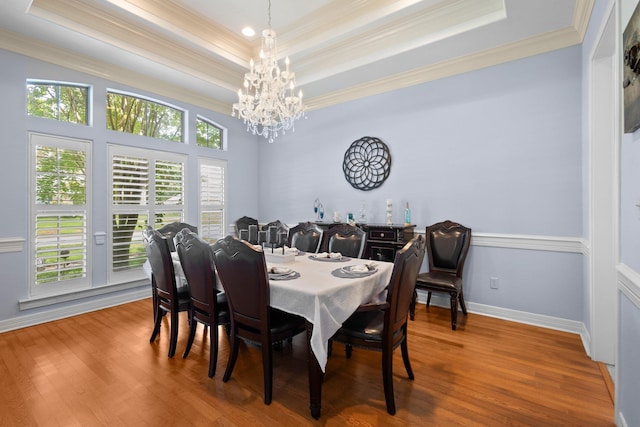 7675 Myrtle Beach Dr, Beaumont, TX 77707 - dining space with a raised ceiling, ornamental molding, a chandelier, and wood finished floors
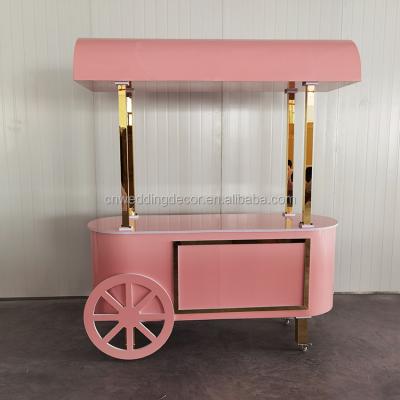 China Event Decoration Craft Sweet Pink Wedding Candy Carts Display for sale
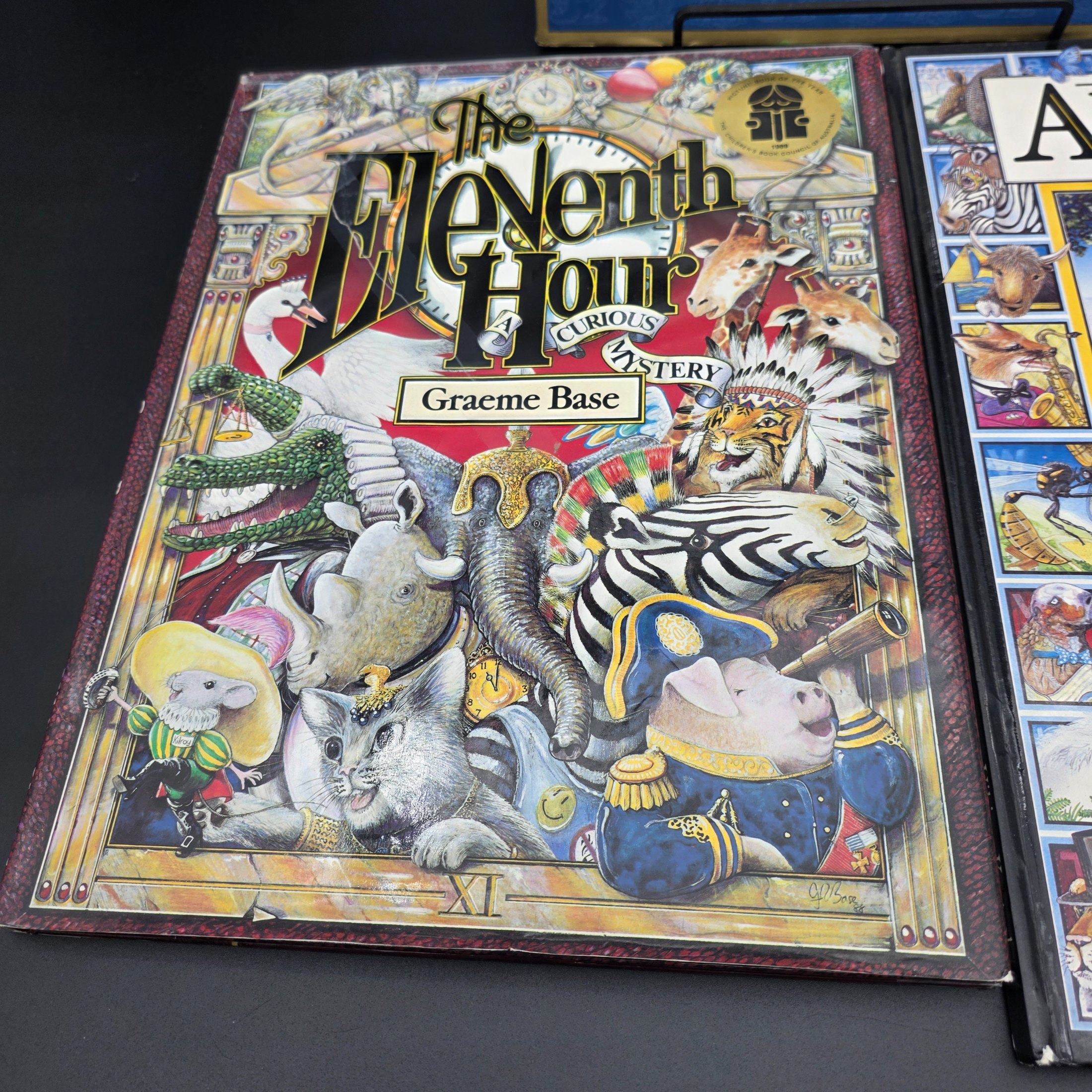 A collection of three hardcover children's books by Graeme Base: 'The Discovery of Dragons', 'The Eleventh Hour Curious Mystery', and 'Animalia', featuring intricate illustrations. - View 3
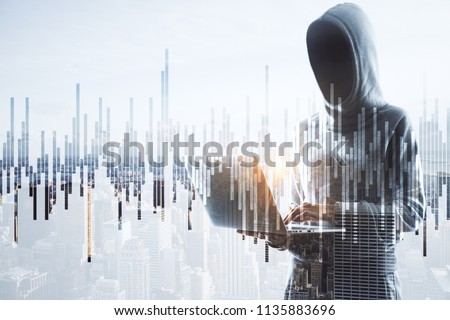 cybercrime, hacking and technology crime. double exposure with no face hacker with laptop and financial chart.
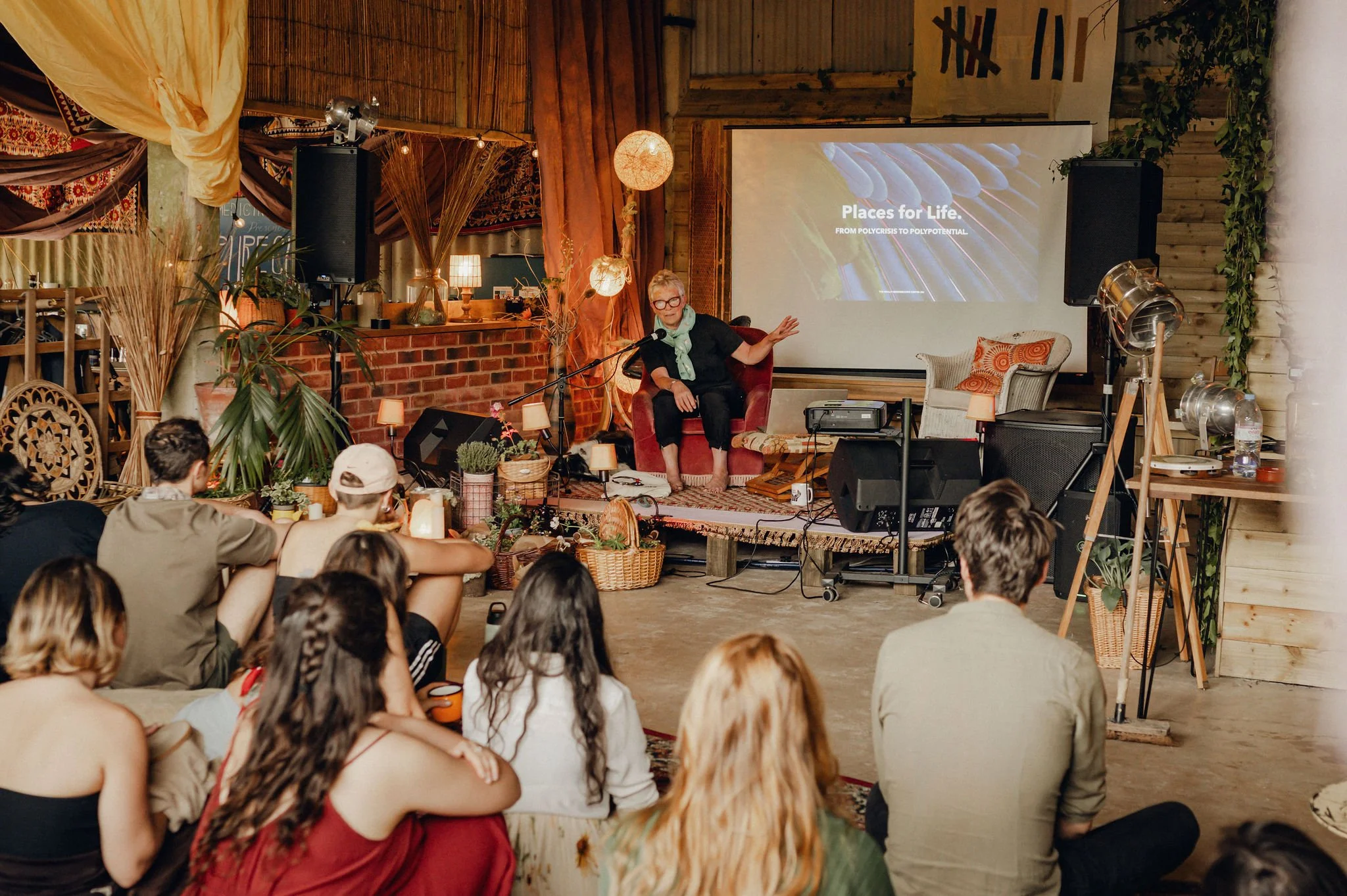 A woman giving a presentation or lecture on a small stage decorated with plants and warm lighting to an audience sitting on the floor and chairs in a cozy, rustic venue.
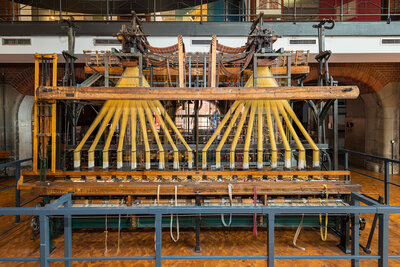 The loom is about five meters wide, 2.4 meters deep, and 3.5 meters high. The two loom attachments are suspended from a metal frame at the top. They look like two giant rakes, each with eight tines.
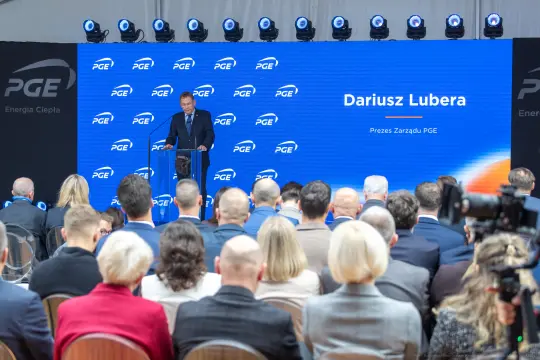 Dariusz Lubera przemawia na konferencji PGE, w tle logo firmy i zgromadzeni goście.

+--

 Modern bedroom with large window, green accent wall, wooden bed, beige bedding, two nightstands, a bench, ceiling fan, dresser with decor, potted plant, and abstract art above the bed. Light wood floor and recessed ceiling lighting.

+--

> **What needs to be done**
Between and including the line with "7675 Myrtle Beach" and the line with "A collection of", repeat every line exactly as it appears above, with pictures left out.

> **Answer box**
 7675 Myrtle Beach Dr, Beaumont, TX 77707 - dining space with a raised ceiling, ornamental molding, a chandelier, and wood finished floors
 China Event Decoration Craft Sweet Pink Wedding Candy Carts Display for sale
 A collection of three hardcover children's books by Graeme Base: 'The Discovery of Dragons', 'The Eleventh Hour Curious Mystery', and 'Animalia', featuring intricate illustrations. - View 3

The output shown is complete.